Alguns sindicatos permaneceram em greve até que os trabalhadores presos fossem
libertados. Apesar do compromisso assumido pelos patrões, mais de 400
metalúrgicos e 1.000 operários da indústria têxtil foram demitidos, como
retaliação pela participação no movimento grevista.
• O
legado da greve
A Greve dos 300 Mil se tornou um dos grandes
marcos do movimento operário brasileiro. A paralisação teve um papel
fundamental ao reafirmar o direito à greve e deixou um legado de enorme
importância ao contestar o modelo sindical do Estado Novo, contribuindo para o
surgimento de um sindicalismo mais autônomo, democrático e combativo.

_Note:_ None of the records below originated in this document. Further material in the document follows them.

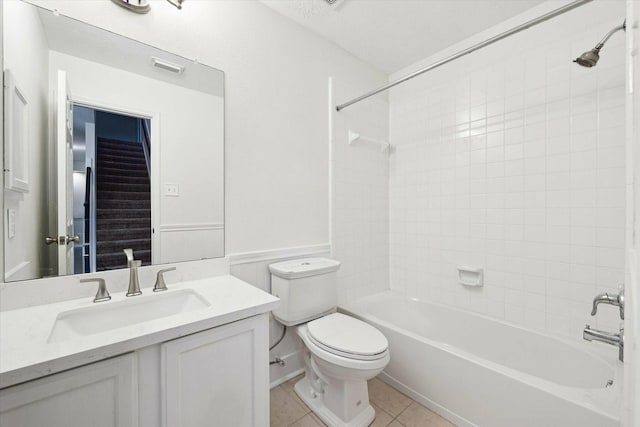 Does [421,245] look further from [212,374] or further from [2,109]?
[2,109]

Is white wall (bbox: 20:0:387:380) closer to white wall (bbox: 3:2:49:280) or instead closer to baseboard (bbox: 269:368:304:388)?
baseboard (bbox: 269:368:304:388)

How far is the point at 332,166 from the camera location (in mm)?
2059

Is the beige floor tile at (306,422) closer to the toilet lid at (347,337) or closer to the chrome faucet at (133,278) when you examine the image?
the toilet lid at (347,337)

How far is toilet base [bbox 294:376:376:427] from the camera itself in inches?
55.6

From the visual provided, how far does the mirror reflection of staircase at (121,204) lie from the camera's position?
1175 millimetres

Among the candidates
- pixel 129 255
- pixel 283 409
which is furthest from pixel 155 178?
pixel 283 409

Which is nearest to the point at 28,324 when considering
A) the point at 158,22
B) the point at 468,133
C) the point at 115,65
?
the point at 115,65

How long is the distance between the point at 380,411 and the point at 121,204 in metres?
1.75

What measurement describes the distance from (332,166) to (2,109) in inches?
65.1

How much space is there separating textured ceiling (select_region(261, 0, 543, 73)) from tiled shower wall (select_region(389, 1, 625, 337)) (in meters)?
0.20

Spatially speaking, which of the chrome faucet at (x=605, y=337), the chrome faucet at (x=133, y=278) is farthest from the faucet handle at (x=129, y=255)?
the chrome faucet at (x=605, y=337)

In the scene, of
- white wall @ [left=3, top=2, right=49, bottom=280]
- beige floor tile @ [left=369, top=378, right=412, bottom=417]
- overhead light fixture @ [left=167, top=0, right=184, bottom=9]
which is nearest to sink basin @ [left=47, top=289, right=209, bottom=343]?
white wall @ [left=3, top=2, right=49, bottom=280]

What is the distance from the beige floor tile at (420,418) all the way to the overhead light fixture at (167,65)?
7.23 ft

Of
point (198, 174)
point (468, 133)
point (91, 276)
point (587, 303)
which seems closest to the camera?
point (91, 276) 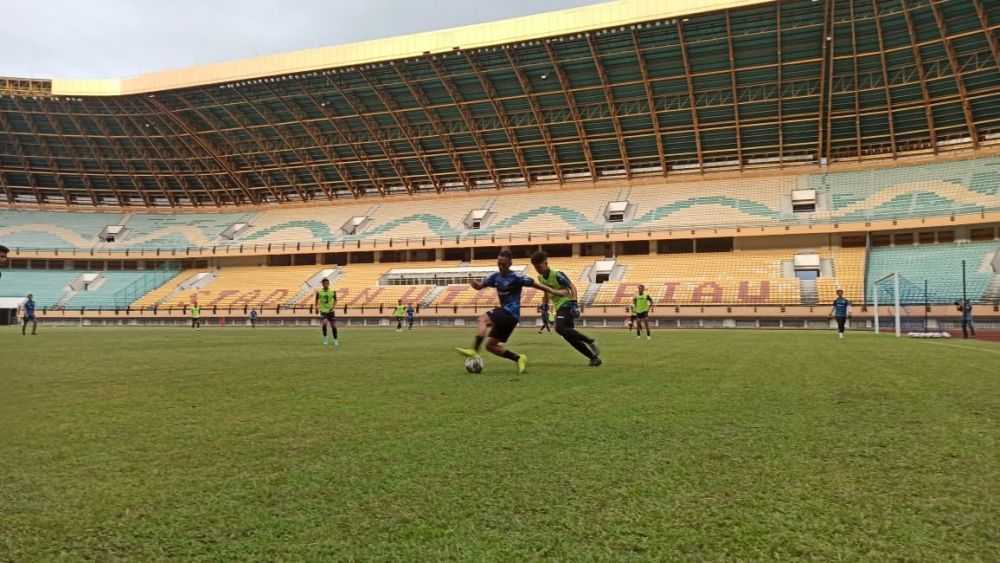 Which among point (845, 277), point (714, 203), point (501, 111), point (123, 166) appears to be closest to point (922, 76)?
point (845, 277)

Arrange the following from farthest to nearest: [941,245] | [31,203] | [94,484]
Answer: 1. [31,203]
2. [941,245]
3. [94,484]

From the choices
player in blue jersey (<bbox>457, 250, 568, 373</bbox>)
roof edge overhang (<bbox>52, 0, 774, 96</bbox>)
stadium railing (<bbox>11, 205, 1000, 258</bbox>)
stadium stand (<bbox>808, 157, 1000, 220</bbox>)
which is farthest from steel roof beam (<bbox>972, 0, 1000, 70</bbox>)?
player in blue jersey (<bbox>457, 250, 568, 373</bbox>)

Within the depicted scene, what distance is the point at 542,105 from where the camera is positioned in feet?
143

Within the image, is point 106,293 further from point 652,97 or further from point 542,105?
point 652,97

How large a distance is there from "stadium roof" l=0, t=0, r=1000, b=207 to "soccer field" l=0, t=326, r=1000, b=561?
33276 mm

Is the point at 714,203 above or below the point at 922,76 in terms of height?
below

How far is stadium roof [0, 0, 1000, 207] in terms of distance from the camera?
35.3 metres

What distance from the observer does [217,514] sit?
280 cm

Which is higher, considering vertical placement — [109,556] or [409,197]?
[409,197]

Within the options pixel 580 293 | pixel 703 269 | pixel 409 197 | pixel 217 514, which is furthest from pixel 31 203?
pixel 217 514

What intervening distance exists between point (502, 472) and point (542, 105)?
42.2m

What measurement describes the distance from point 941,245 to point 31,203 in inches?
2929

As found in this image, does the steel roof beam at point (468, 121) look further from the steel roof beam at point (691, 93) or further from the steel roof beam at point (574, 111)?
the steel roof beam at point (691, 93)

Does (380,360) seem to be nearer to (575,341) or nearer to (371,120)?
(575,341) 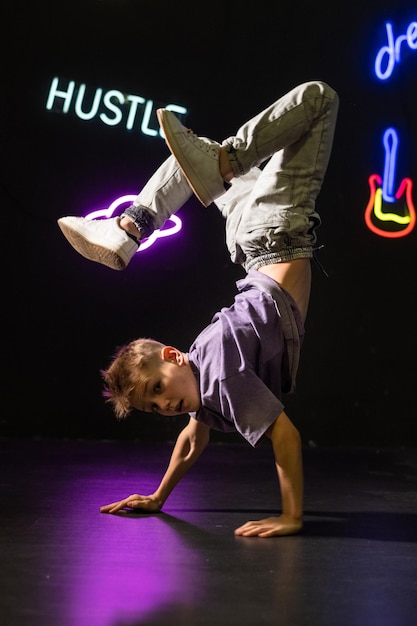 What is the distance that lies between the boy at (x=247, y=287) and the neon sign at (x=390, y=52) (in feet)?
6.08

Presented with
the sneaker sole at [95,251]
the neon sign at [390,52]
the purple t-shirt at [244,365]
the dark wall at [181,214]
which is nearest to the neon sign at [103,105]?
the dark wall at [181,214]

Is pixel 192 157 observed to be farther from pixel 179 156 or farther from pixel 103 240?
pixel 103 240

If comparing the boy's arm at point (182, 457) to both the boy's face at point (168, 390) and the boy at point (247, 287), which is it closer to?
the boy at point (247, 287)

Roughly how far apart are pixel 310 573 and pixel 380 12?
318cm

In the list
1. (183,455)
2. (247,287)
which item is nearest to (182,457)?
(183,455)

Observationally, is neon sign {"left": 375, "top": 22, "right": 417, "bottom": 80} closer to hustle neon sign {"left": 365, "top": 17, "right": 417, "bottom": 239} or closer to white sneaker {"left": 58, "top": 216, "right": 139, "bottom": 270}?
hustle neon sign {"left": 365, "top": 17, "right": 417, "bottom": 239}

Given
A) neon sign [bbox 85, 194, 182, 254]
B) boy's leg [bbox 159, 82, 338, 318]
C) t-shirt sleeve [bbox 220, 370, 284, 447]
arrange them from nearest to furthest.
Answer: t-shirt sleeve [bbox 220, 370, 284, 447], boy's leg [bbox 159, 82, 338, 318], neon sign [bbox 85, 194, 182, 254]

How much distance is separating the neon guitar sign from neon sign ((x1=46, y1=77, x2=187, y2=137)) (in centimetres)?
98

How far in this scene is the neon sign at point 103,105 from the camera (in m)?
4.21

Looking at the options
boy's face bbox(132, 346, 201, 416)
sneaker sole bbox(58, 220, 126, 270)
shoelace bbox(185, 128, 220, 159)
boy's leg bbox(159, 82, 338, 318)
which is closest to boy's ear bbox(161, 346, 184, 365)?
boy's face bbox(132, 346, 201, 416)

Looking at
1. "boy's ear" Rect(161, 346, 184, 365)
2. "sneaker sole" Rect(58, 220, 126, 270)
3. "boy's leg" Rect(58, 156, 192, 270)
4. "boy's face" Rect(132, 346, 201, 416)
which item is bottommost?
"boy's face" Rect(132, 346, 201, 416)

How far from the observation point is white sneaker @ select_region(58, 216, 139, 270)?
244 cm

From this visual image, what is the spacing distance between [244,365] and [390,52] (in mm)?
2508

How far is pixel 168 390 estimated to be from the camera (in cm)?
235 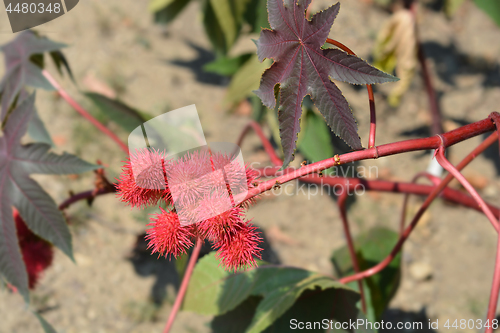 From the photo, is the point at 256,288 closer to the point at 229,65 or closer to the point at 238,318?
the point at 238,318

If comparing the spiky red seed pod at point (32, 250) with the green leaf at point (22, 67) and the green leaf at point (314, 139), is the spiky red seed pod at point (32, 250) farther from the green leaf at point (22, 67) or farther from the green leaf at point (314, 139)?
the green leaf at point (314, 139)

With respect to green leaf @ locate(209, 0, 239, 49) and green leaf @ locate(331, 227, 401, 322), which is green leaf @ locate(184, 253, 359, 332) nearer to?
green leaf @ locate(331, 227, 401, 322)

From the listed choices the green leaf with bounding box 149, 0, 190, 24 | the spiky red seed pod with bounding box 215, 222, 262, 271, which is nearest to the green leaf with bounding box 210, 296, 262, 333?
the spiky red seed pod with bounding box 215, 222, 262, 271

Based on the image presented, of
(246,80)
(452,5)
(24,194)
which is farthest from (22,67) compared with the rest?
(452,5)

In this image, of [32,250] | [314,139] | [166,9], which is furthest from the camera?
[166,9]

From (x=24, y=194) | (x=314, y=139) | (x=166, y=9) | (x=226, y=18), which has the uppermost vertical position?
(x=166, y=9)

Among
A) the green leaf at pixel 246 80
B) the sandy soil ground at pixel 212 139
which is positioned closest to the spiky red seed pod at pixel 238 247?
the sandy soil ground at pixel 212 139

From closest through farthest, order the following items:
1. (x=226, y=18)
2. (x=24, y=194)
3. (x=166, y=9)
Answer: (x=24, y=194) → (x=226, y=18) → (x=166, y=9)

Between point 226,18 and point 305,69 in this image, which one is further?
point 226,18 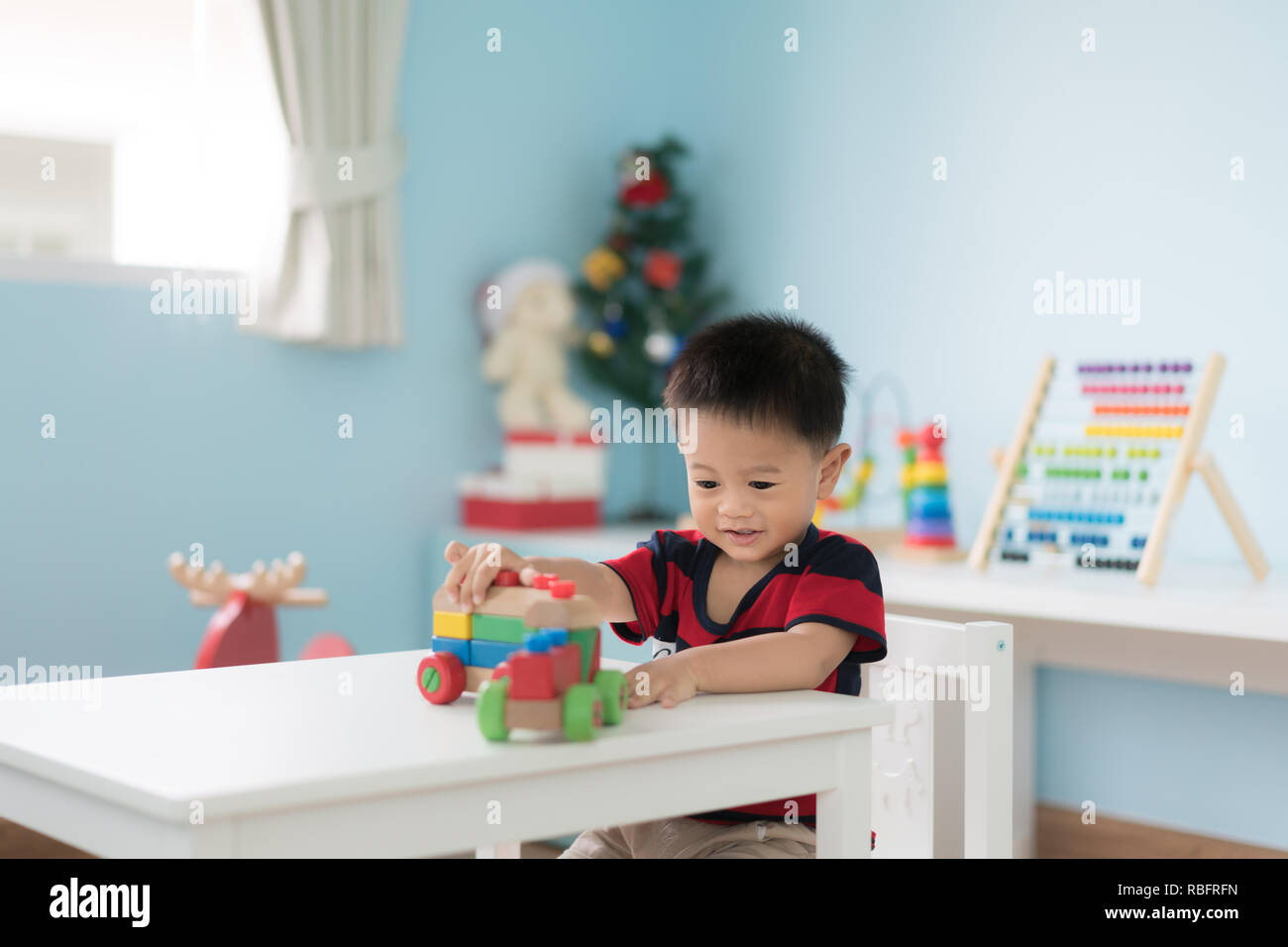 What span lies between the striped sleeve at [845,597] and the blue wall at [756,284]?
1615 millimetres

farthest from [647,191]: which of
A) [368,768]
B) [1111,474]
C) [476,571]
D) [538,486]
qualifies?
[368,768]

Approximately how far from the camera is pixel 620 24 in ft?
12.0

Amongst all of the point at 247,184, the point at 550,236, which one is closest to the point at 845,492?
the point at 550,236

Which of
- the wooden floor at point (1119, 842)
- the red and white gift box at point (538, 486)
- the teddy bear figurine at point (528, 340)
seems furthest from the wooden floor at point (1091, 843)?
the teddy bear figurine at point (528, 340)

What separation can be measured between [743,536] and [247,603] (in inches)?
53.9

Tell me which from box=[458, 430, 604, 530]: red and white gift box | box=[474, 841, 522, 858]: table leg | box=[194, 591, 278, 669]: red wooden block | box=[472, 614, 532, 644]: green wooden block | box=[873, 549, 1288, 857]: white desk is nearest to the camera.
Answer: box=[472, 614, 532, 644]: green wooden block

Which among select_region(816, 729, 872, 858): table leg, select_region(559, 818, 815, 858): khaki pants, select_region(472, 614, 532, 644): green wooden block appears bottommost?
select_region(559, 818, 815, 858): khaki pants

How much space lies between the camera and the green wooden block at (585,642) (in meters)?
1.00

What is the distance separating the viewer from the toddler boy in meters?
1.16

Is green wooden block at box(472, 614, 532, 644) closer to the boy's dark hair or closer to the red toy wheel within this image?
the red toy wheel

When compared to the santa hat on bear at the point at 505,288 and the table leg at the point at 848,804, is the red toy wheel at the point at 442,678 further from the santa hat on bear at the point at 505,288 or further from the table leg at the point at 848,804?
the santa hat on bear at the point at 505,288

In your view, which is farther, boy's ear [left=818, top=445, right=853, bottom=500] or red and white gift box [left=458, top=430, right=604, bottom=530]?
red and white gift box [left=458, top=430, right=604, bottom=530] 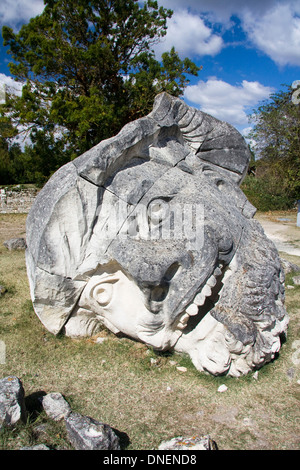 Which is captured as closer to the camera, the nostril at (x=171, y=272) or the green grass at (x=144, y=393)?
the green grass at (x=144, y=393)

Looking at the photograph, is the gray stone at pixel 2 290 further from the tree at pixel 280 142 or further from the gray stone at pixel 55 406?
the tree at pixel 280 142

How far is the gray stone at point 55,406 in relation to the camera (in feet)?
8.55

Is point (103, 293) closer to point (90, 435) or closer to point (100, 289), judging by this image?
point (100, 289)

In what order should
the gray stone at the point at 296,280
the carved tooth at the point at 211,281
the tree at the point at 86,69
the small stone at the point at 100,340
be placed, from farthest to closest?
1. the tree at the point at 86,69
2. the gray stone at the point at 296,280
3. the small stone at the point at 100,340
4. the carved tooth at the point at 211,281

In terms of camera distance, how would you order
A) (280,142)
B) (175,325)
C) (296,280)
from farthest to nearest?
(280,142)
(296,280)
(175,325)

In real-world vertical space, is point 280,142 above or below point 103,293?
above

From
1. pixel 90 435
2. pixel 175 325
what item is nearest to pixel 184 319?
pixel 175 325

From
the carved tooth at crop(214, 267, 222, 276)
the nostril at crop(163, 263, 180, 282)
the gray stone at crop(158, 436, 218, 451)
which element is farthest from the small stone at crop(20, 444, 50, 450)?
the carved tooth at crop(214, 267, 222, 276)

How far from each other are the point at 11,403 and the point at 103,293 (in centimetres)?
122

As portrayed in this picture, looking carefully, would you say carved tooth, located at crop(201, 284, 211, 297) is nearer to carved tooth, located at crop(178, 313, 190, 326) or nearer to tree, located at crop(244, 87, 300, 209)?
carved tooth, located at crop(178, 313, 190, 326)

Revestidos de legitimidade pela adesão às
pautas populares, os sindicatos ganharam força e conseguiram concretizar uma
série de avanços nos anos seguintes. O fortalecimento do movimento operário
levaria à queda do Ministro do Trabalho Segadas Viana, substituído ainda em
1953 por João Goulart.
O Comando Intersindical de Greves, que havia
sido durante a paralisação, foi convertido no Pacto de União e Ação, que, por
sua vez, daria origem ao Comando Geral dos Trabalhadores (CGT) — organização
que teria enorme relevância na mobilização da classe operária até nos 60.
O movimento também estimularia a criação do
Departamento Intersindical de Estatística e Estudos Socioeconômicos (DIEESE),
criado em resposta à demanda dos grevistas por uma organização apta a produzir
estudos confiáveis sobre o custo de vida.